The Seduction of the Blog
This one’s going to start out with some family folklore. Bear with me.
When I was a wee little one, so the story goes, I sat in my crib with a secret smile but nary a hint to my parents of a new talent I was budding. Once left alone, door shut, no adults around to observe, I worked on my latest and greatest feat (drum roll): standing.
(Impressive, I know.)
My folks in those days were young, first-time parents. Perhaps later, once my little brother came along, when schedules got tight with multiple jobs, my school, his teething, when the marriage began to fray in postpartum depression and thinner wallets, frozen winter pipes and, later, spring thaw ceiling leaks—perhaps then they were too busy for surreptitious observations.
But in that first year of new parenthood, my folks would put their fingers to their lips and tip-toe to the doorway of my room, sneaking peeks at baby-me through the cracked door. If I suspected an audience, I feigned interest in toys or toes. Once my observers disappeared, I’d pull on the crib rail, stretch my legs, and rise to stand. Parents back? Oopsie daisy, back on my bottom. I preferred to hone my talent in private.

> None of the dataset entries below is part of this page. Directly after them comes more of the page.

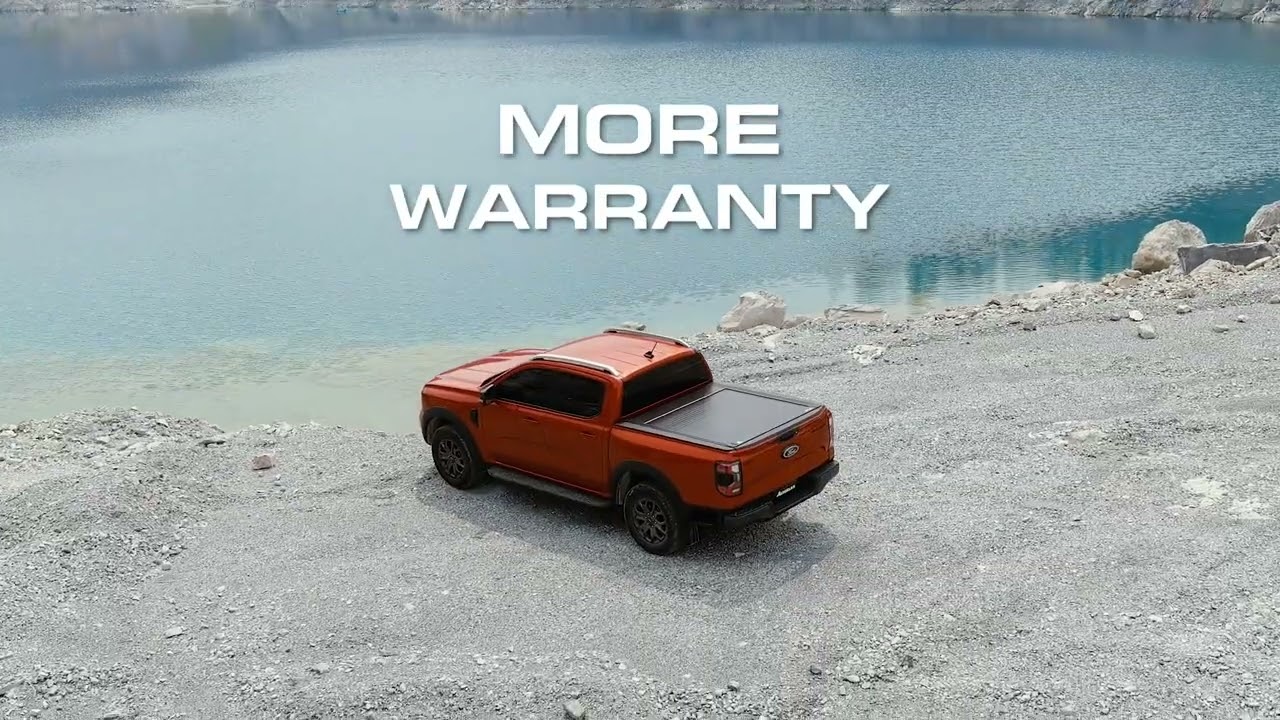 NEW AEROKLAS E ROLLER LID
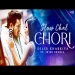 Slow Chal Chori - Diler Kharkiya Srish Shukla Ringtone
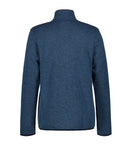 ICEPEAK ICEPEAK ARP Fleecejacken & Pullover ICEPEAK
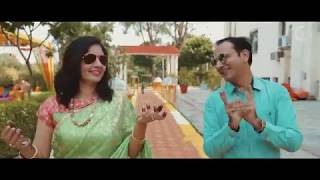 LIPDUB || Rishabh + Jyoti || Hawa Hawa, Mika Singh || Angel Resort || Harsh KJ Photography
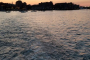 Boston Magical Sunset Cruise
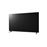TV LED 55'' LG Nanocell 55SM8050 IA 4K UHD HDR Smart TV_1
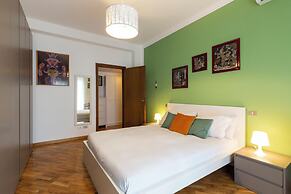 notaMi - Trendy Corner Fashion District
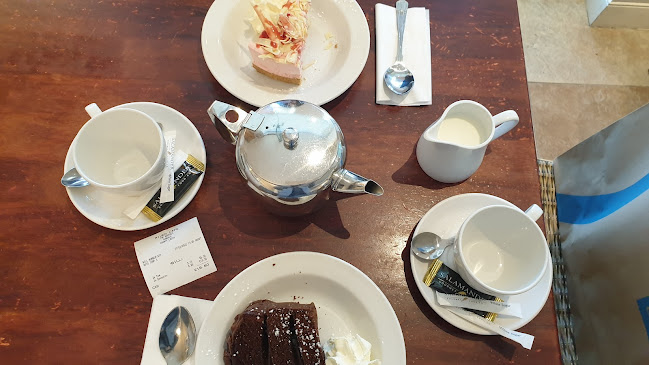 Unit A, The Marshes Shopping Centre, The Ramparts, Marshes Lower, Dundalk, Co. Louth, A91 FA03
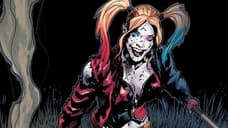 DC Comics Pays Tribute To Stan The Man Lee In Today's New Releases From The Publisher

I’ve mastered standing (you’ll be happy to know), but over the years, essentially not much changed. I close the door when I change my clothes; I do not sing in the shower unless the house is empty; I do not dare send out a piece of writing until it has been pressed through the ringer, the type is dried, the wrinkles ironed, the seams darned.
Enter the blogosphere.
Blogging is immediate, fast, furious. Unlike a laborious five-year tome, the quickness means our words can be pertinent to current trends without delay or restraint from publishing industry gatekeepers. A platform to stand on and a microphone to hold? Oh yes, for us writers, blogging is seductive.
But, I am sure you can relate: so many of us writers are introverts. Perhaps also a tad bit perfectionist. I am the twelve-month first-draft kinda gal. I weigh each phrase, shift punctuation, and hide my pages from anyone but my mentor. In the world of performance, I’m a fan of rehearsals. Improv? Not so much. The nature of blogging is in direct opposition to a ruminative nature.
And yet, I am here blogging, and perhaps you relate to this also: it’s the tension of the opposites. There’s the way we do things normally, and our desire to grow beyond those bounds. There’s something—isn’t there?—about stretching out of a comfort zone.
Despite myself, in the years since my first Blogger account, through Tumblr, WordPress,Weebly, and Lunch Ticket, I’ve grown affectionate towards blogging. Thoughts quicken by the effort of it. In brainstorming topics, the creativity gears are oiled. Words come faster, and not just on the page. The mind sharpens.
Blogging is the opposite of perfecting a five-year novel in private. Blogging is typed and pushed live. Hello, world! There is no conservative safety here as with the single-reader letter, so blogging infuses the writer with deeper courage—perhaps the deepest courage there is, which is to speak up, speak out. If standing in a crib beyond the watchful eyes of others is the way I have always preferred to master my arts, blogging is the practice of forced growth, embracing imperfections, releasing control. Flaws and all.
Perhaps most powerful of all, though, blogging breaks the traditional one-way narrative barrier: readers also have a platform and a mic. Sometimes the comment threads are meager, but other times they light up with an electricity of their own. Such a lonely endeavor, writing. The courage and connectivity of blogging fortifies our literary community. Blogging opens the one-way street of writing to two-way traffic.